The move to establish a new asset management body will also mean taking more investments in-house and consolidating the more than 360 different asset managers and 15 consultants who currently provide services to the funds.

The pension investment board will also include the Mayor and Comptroller, as well as representatives from municipal employees.

The reform package was drawn up with input from pension experts, including Keith Ambachtsheer, the director of the Rotman International Centre for Pension Management at the University of Toronto.

Ambachtsheer says that improved governance at a fund could add between 1 and 2 per cent in returns annually.

This could mean up to $2 billion more a year in investment returns, easing some of the budgetary pressures on the city to increase contributions to meet spiralling pension liabilities.

“Hopefully, the New York City initiative will inspire other pension fiduciaries around the world to consider similar initiatives,” he says.

Columbia Business School Professor Andrew Ang supports the push to improve governance at the funds.

Ang, who is the Ann F Kaplan Professor of Business and the research director for financial studies at Columbia Business School, says the changes should cut costs and boost returns.

“The reforms should allow the investment management company to significantly impact returns – by actions as simple as bringing in-house and managing cheaply what had been previously outsourced at much higher costs,” Ang says.

Streamlining the investment decision-making process should also allow the IMC to take advantage of funds’ long-term investment horizons and scale to boost returns, Ang says.
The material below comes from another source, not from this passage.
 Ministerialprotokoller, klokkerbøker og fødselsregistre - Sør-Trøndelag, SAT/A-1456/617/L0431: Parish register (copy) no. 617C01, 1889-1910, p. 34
If the reforms are optimally implemented, Ang says the board should also have the capability to monitor and manage both sides of the funds’ balance sheets.

“The new board should not only understand the risks – both investment risks taken by the Investment Management Company and actuarial risks on the projected contributions and benefits side – but also the opportunities in building a robust professional investment organisation, well-founded in meeting the goals of the NYC pension system,” Ang says.

“In doing so, the new board can create processes that can improve fund performance, mitigate risk, and improve the pension system as a whole for all stakeholders.”

In a recent joint press conference at City Hall, Mayor Bloomberg and Liu said the reforms would make the investment process less political and better able to react to fast-changing market conditions.

Bloomberg said the city hoped to attract a star investment manager the helm of the IMC, to oversee $128 billion – representing the combined assets of the five funds.

“Depoliticising, professionalising, and streamlining the management of our pension funds will enhance investment returns and reduce pension costs,” Liu said.

“Our labour leaders and trustees have delivered a huge win for taxpayers and city workers alike with this game-changer.”

The Comptroller will remain a custodian of the five funds and also select investment staff for IMC.

Liu says the reforms will overhaul governance processes that have remained unchanged at the funds for between 70 and 154 years.

As part of the reforms the new board will institute what Liu describes as “tough new standards and accountability measures, and adopt best-in-class ethics, training and code of conduct policies and procedures”.

The Pension Procurement Board will no longer be operative in advising the new board, with new procurement policies also set to be established.

IMC will select investment managers.

Last year the New York City’s retirement system’s five funds had combined returns for fiscal year 2011 of 23 per cent. But the funds lost 9.62 per cent in the September quarter.